> Aim of the exercise:
Only the pictures are to be left out; return the rest of the data exactly as it stands.

> Supplied material:
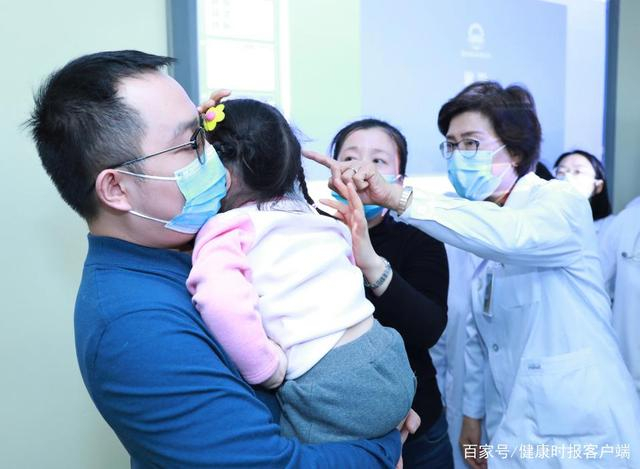 张抒扬院长与同事对病例进行讨论。 曹子豪摄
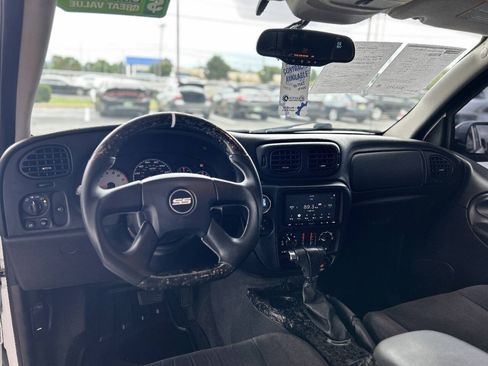 Used 2007 Chevrolet TrailBlazer SS RWD image 46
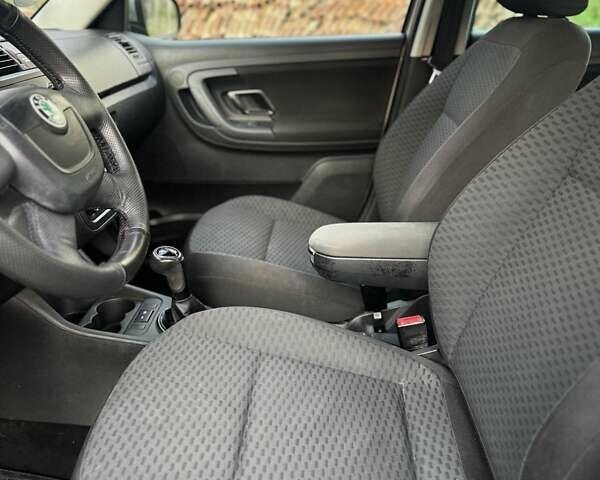 Шкода Фабия 2011 в Сваляве на Automoto.ua Бежевый Шкода Фабия, объемом двигателя 1.2 л и пробегом 301 тыс. км за 5500 $, фото 6 на Automoto.ua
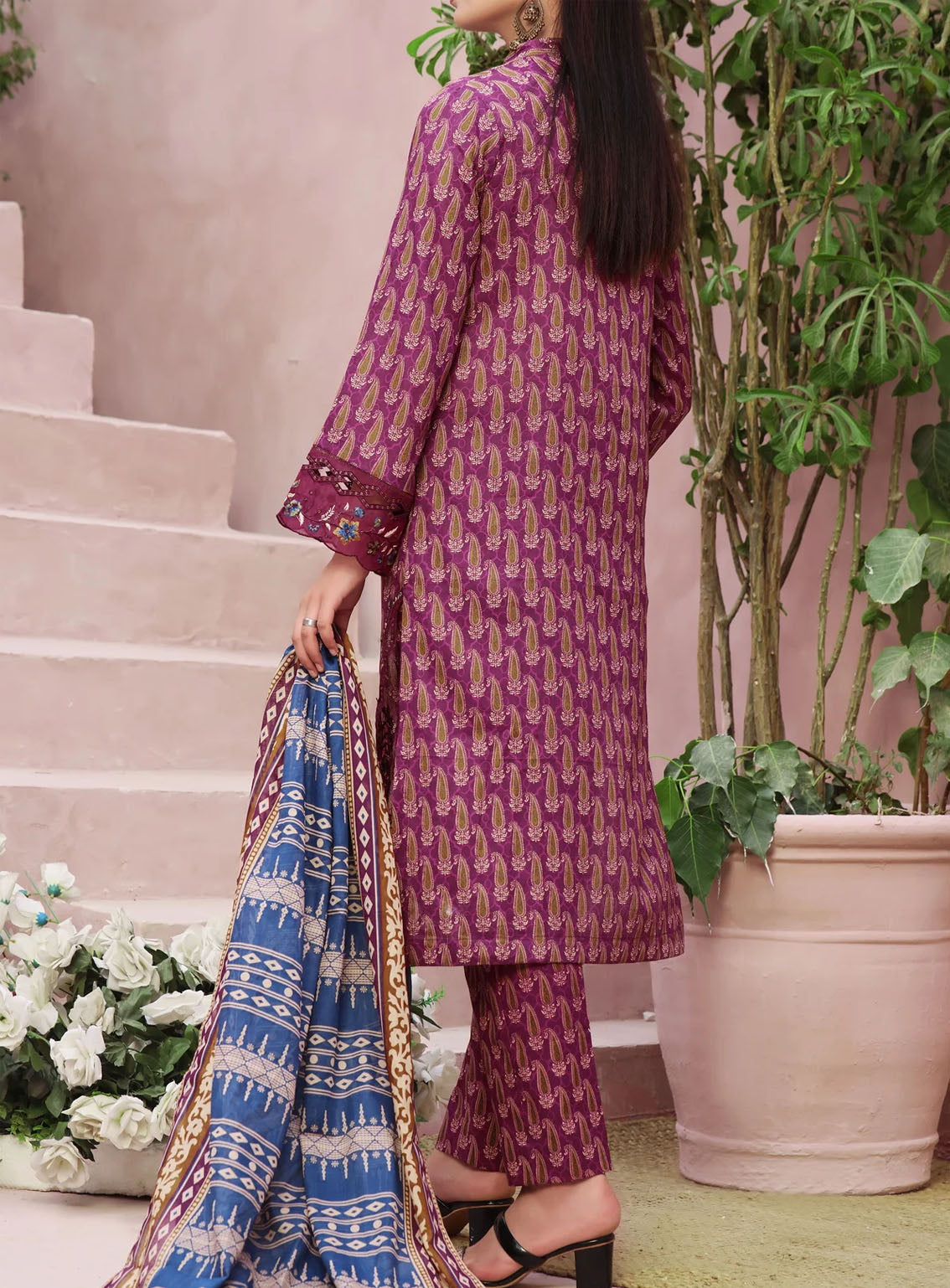 VS Textile Signature Minakari Embroidered Lawn 3 Piece Unstitched Suit VS24SM D-50 VS Textile Signature Minakari Embroidered Lawn 3 Piece Unstitched Suit VS24SM D-50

> Reply to the task:
 张抒扬院长与同事对病例进行讨论。 曹子豪摄
 Used 2007 Chevrolet TrailBlazer SS RWD image 46
 Шкода Фабия 2011 в Сваляве на Automoto.ua Бежевый Шкода Фабия, объемом двигателя 1.2 л и пробегом 301 тыс. км за 5500 $, фото 6 на Automoto.ua
 VS Textile Signature Minakari Embroidered Lawn 3 Piece Unstitched Suit VS24SM D-50 VS Textile Signature Minakari Embroidered Lawn 3 Piece Unstitched Suit VS24SM D-50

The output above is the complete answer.